#### RECORDS SUPPLIED

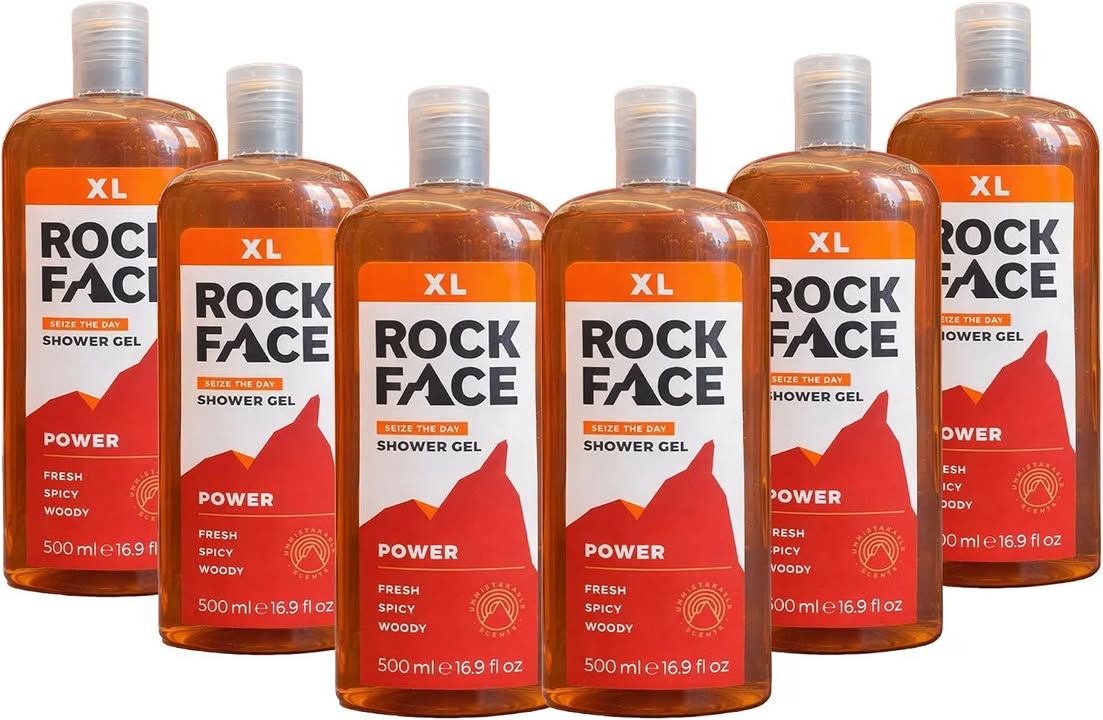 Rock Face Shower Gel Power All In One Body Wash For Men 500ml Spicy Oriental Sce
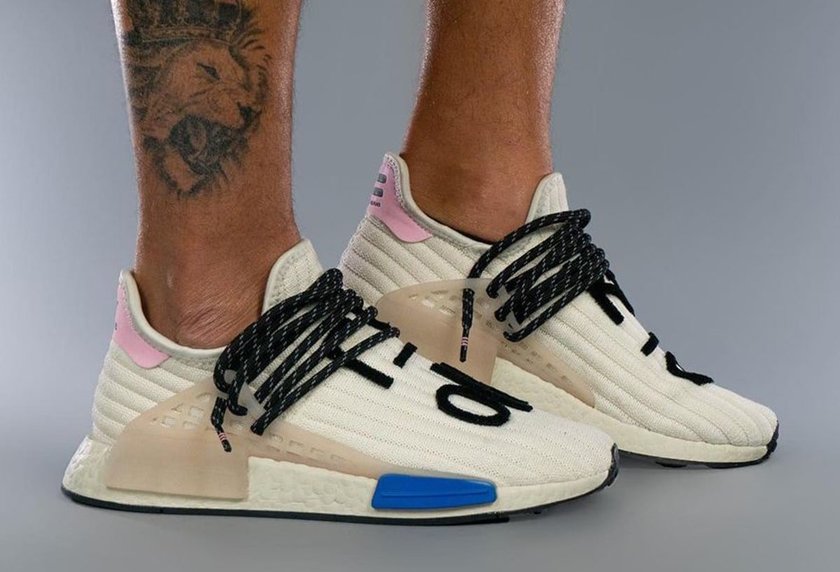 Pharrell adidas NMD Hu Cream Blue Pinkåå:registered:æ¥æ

########
#### RECORDS SUPPLIED

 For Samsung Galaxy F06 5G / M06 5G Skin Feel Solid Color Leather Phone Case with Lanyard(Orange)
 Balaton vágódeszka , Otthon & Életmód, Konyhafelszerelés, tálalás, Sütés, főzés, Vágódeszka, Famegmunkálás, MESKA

########
#### RECORDS SUPPLIED

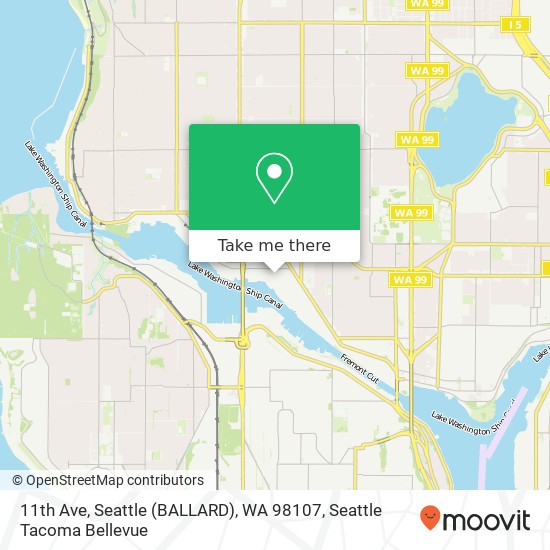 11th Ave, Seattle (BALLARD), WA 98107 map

########

> YOUR TASK: Copy only this from above: the line containing "Rock Face Shower", the line containing "Pharrell adidas NMD", and all lines between, printed exactly. Leave out the pictures.

> ANSWER BELOW:
 Rock Face Shower Gel Power All In One Body Wash For Men 500ml Spicy Oriental Sce
 Pharrell adidas NMD Hu Cream Blue Pinkåå:registered:æ¥æ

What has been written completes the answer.